32. During discussion of this point, Mr Waheed asked for a brief adjournment to take instructions. On his return, he acknowledged that article 8 ECHR was not pursued at the FTT hearing but said that the Appellant’s counsel below acted without instructions. There is no suggestion in the grounds of appeal that the Appellant’s previous counsel acted without instructions. Mr Waheed acknowledged that, to pursue that argument, he would need permission to amend his grounds of appeal and made an application accordingly.
33. I refuse the Appellant permission to amend his grounds of appeal to pursue this point. There is no good reason for why it was not raised until part-way through the hearing. It is, as Ms Ahmed noted, a serious allegation of professional misconduct. There is no suggestion that the Appellant’s previous counsel is aware of the allegation or that he has been given any opportunity to respond to it. I have had regard to BT v SSHD [2004] UKIAT 00311. If an appeal is based in whole or in part on allegations about the conduct of former representatives, there must be evidence that those allegations have been put to the former representative, and the Tribunal must be shown either the response or correspondence indicating that there has been no response. There is no evidence before me on the point. If I allowed the amendment, I would have to adjourn the appeal so that that evidence could be submitted and to allow the Respondent a proper opportunity to respond. In the circumstances, given my findings on grounds 1-3, that would not have been proportionate.
34. In the circumstances, this ground of appeal must be dismissed. The FTTJ did not err in failing to make findings on article 8 ECHR (family life). Although there was no formal withdrawal of this ground of appeal, it was made clear to the FTTJ that he was not being asked to make findings on it. In the circumstances, he cannot be fairly criticised for failing to do so.
Disposal
35. Applying the guidance in paragraph 7 of the Senior President’s Practice Statement (and in AEB v Secretary of State for the Home Department [2022] EWCA Civ 1512 and Begum (Remaking or remittal) [2023] UKUT 00046 (IAC) the matter ought to be remitted to the FTT to be considered de novo.
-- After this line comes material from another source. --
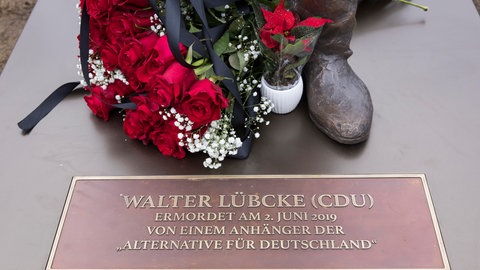 Rote Rosen mit einer Trauerschleife liegen auf dem Walter Lübcke Denkmal bei der Errichtung des Walter Lübcke Platz vor dem Konrad Adenauer Haus, der Parteizentrale der Christlich Demokratischen Union (CDU)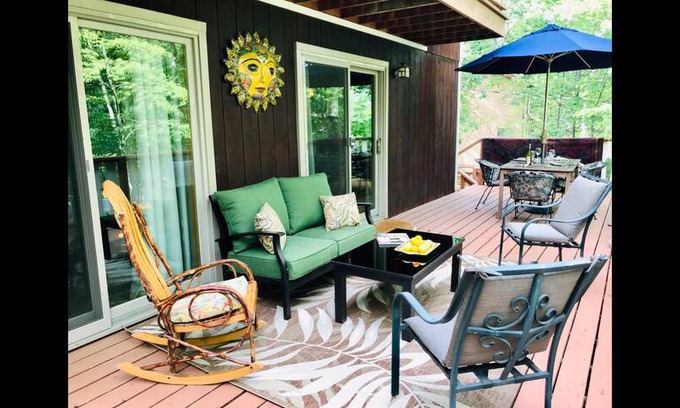 Bushkill House | The Hinterlands at Saw Creek Estates Bushkill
The credibility of the Appellant’s claim to have been detained for handing out religious leaflets is a matter which has the potential to affect the credibility of her evidence more widely. No findings of fact are preserved.
36. There has been no formal withdrawal of the article 8 ECHR. If the Appellant still pursues arguments based on article 8 ECHR, they can be pursued at the next hearing.
Notice of Decision
37. The decision of the FTT (Judge French) promulgated on 2 July 2025 contained material errors of law. The decision is set aside and remitted to the FTT to be reconsidered to be heard by a different judge with no findings of fact preserved.